*Assignment*
Write out the listing from the line with "ACE CLASSIC TRUCK 55 (9.0" to the line with "Stable, crystalline, porous, covalent", both lines included, exactly and nothing beyond. Leave pictures out.

*Given records*
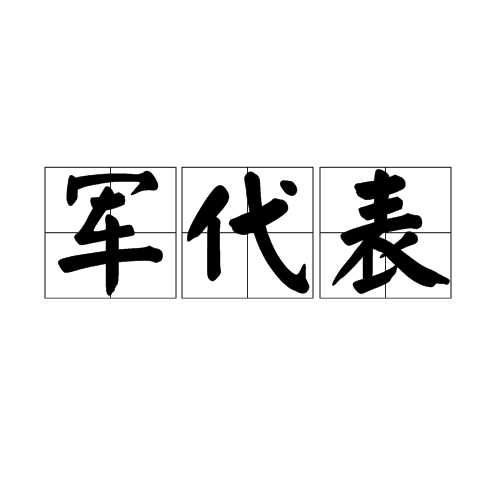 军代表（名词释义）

...

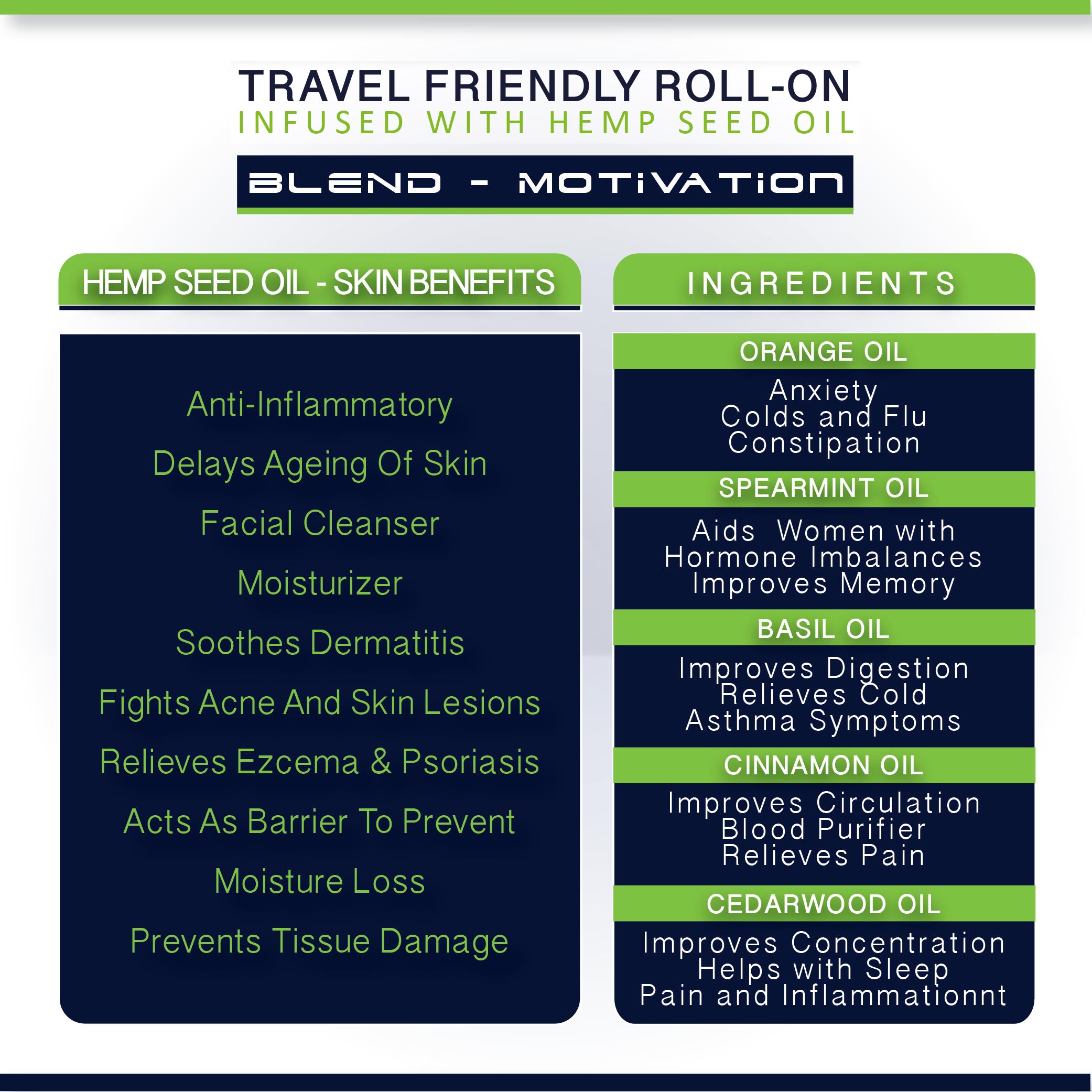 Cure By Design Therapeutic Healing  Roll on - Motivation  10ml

---

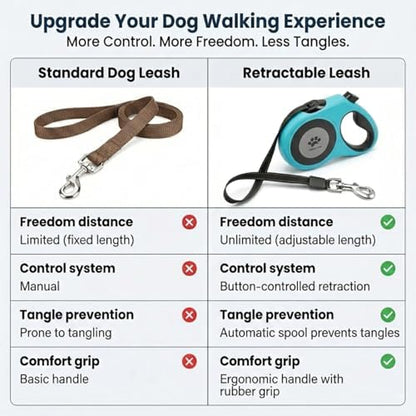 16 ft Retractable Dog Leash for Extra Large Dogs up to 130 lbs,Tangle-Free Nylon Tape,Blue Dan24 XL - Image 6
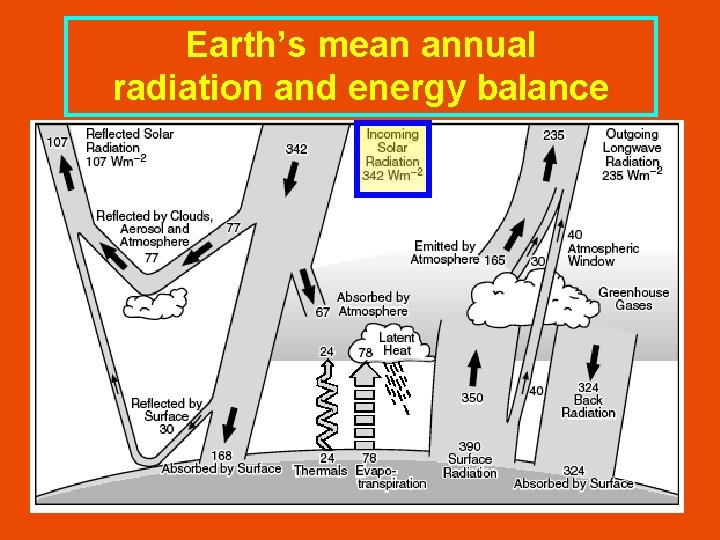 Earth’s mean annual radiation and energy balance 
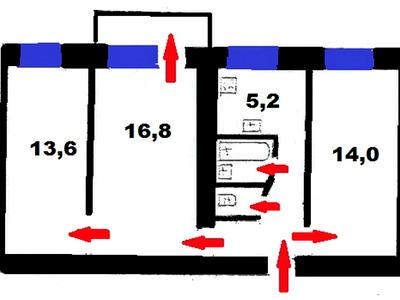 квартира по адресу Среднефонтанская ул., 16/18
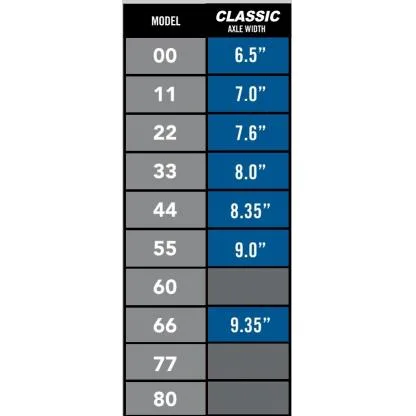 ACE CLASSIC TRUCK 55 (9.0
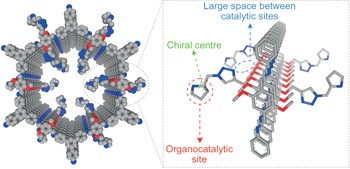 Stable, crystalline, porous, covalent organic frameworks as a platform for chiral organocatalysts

*Answer to the exercise*
 ACE CLASSIC TRUCK 55 (9.0
 Stable, crystalline, porous, covalent organic frameworks as a platform for chiral organocatalysts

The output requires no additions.